» Supplied data:

----------

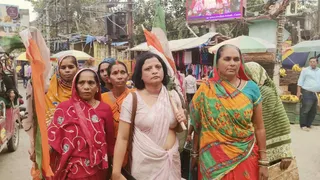 सोवाबाबू चौक पर प्रदर्शन करतीं कांग्रेस की महिला कार्यकर्ता। जागरण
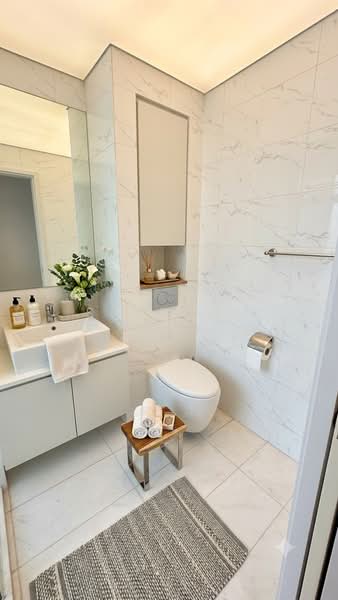 The Cascadia, 921 Bukit Timah Road, 2 Bedrooms, 883 sqft, Condominium For Rent, by Sherlyn Wong, 500212064 - Bathroom - PropertyGuru.com.sg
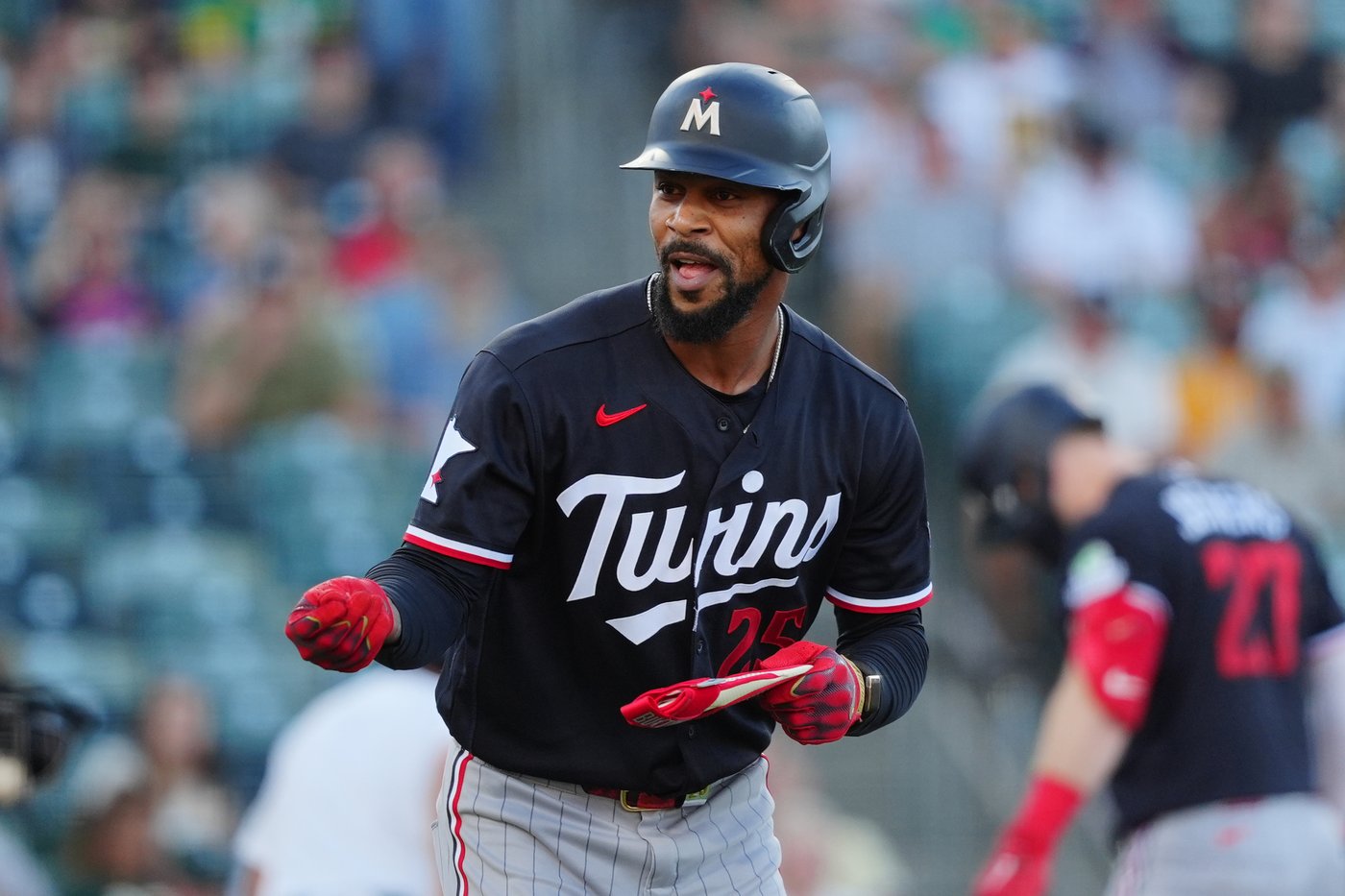 Zebby Matthews and Josh Bell lift Minnesota Twins to 9-6 win over Athletics | iNFOnews.ca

----------

» Problem to work on: Apart from the pictures, all of the data must be duplicated exactly as shown above.

» Completed exercise:
 सोवाबाबू चौक पर प्रदर्शन करतीं कांग्रेस की महिला कार्यकर्ता। जागरण
 The Cascadia, 921 Bukit Timah Road, 2 Bedrooms, 883 sqft, Condominium For Rent, by Sherlyn Wong, 500212064 - Bathroom - PropertyGuru.com.sg
 Zebby Matthews and Josh Bell lift Minnesota Twins to 9-6 win over Athletics | iNFOnews.ca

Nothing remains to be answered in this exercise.